Demikian juga para pekerja itu tidak piduit atau mata duitan, membayar sesuai apa yang disepakati sebelumnya. Mungkin hanya pengalaman aku beberapa kali di tempat parkir pemberian uang ditolak. Demikian juga baik dalam belanja maupun misalnya salah satu contoh dalam penyewaan mobil merasa tidak ada unsur penipuan, nampaknya orang Bali mengutamakan kejujuran.

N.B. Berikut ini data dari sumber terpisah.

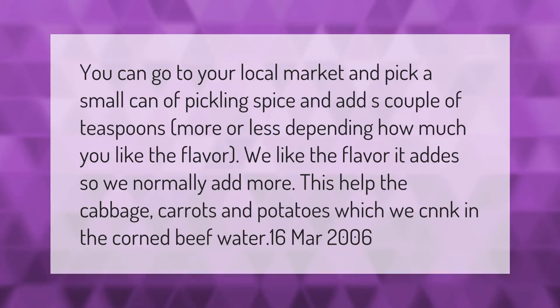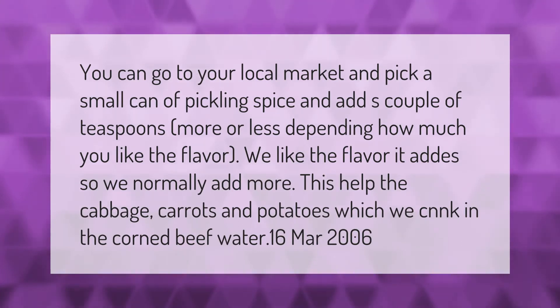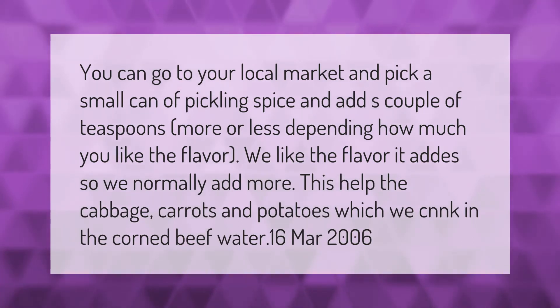You can go to your local market and pick a small can of pickling spice and add a couple of teaspoons, more or less depending on how much you like the flavor. We like the flavor it adds, so we normally add more. This helps the cabbage, carrots, and potatoes which we cook in the corned beef water.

Penduduknya juga kelihatan begitu sholeh dalam ibadah ritual, ketika aku menunggu kaum ibu belanja di Sukawati, tak hentinya orang yang beribadat membawa sesajen di Pura kecil di depan Pasar Seni Sukawati tersebut. Kelihatan kesemuanya dilakukan oleh perempuan, mungkin laki-laki dalam ibadah lain.
Satu lagi, meskipun banyak yang berpakaian minim tapi tidak berbau mesum atau asusila, dan aku juga tidak menemukan preman atau semacam jawara, sekali lagi itu dari kacamata aku. Dan ada lagi Pulau Bali ini, karena aku terkonsentrasi di P. Bali bagian selatan terus sebelah barat, timur, maupun selatan nampak pantai yang indah bersih dan asri yang bisa melihat sunset dan sunrise yang dipenuhi para turis asing yang berjemur, terpaksa sebagai seorang Aki harus meungpeun carang alias pura-pura menutup mata.
Kebanyakan orang Bali adalah seniman, memang asal muasalnya dahulu menurut cerita adalah para raja dan tentu beserta para bangsawan dari P. Jawa yang eksodus, bedol desa, membawa para seniman, budayawan, cerdik pandai, sehingga keturunannya terlihat sampai sekarang. Pulau yang indah terus dikelola oleh tangan terampil yang mempunyai selera dan cita rasa seni yang tinggi. Tak heran di setiap sudut terlihat patung yang mengagumkan, dan di setiap tempat ada pertunjukan berbagai macam tarian
Memang iya agak mengalami kendala ketika aku sebagai muslim jika saatnya waktu sholat tiba, jarang sekali ditemukan mushala atau masjid, masuk akal di Bandung juga mungkin tidak akan ditemukan Pura. Tapi kan bagi yang bepergian jauh bisa diatasi dengan keringanan yaitu dengan sholat dijama. Satu lagi makanan agak susah, tapi kalau dicari kerap ketemu makanan Jawa, Madura, bahkan makanan Sunda yang halal.
Dan akhirnya aku menemukan masjid tak jauh dari rumah sewa. Lihat ornamen atap dan gapuranya. Betul-betul ciri sabumi cara sadesa, dimana bumi dipijak disitu langit dijunjung.